DATASET EXTRACT
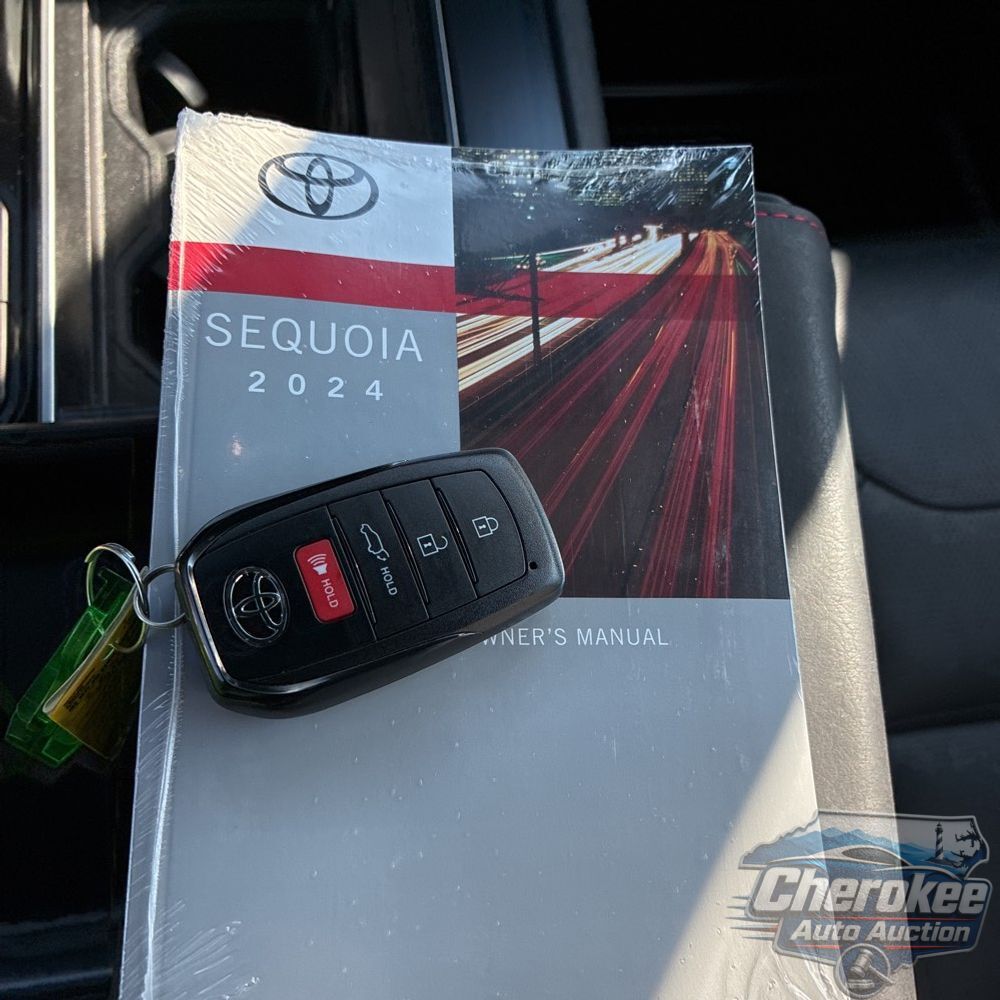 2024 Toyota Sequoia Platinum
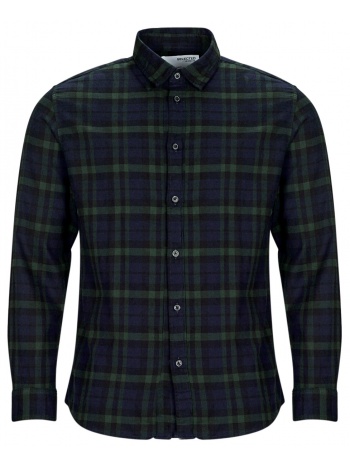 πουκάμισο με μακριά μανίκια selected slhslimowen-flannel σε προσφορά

---

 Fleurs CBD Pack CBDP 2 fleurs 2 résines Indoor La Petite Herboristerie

WORK INSTRUCTION
Taking the material above, give again exactly the lines from the one holding "2024 Toyota Sequoia Platinum" through the one holding "πουκάμισο με μακριά", with both ends and without pictures.

RESPONSE TO THE TASK
 2024 Toyota Sequoia Platinum
 πουκάμισο με μακριά μανίκια selected slhslimowen-flannel σε προσφορά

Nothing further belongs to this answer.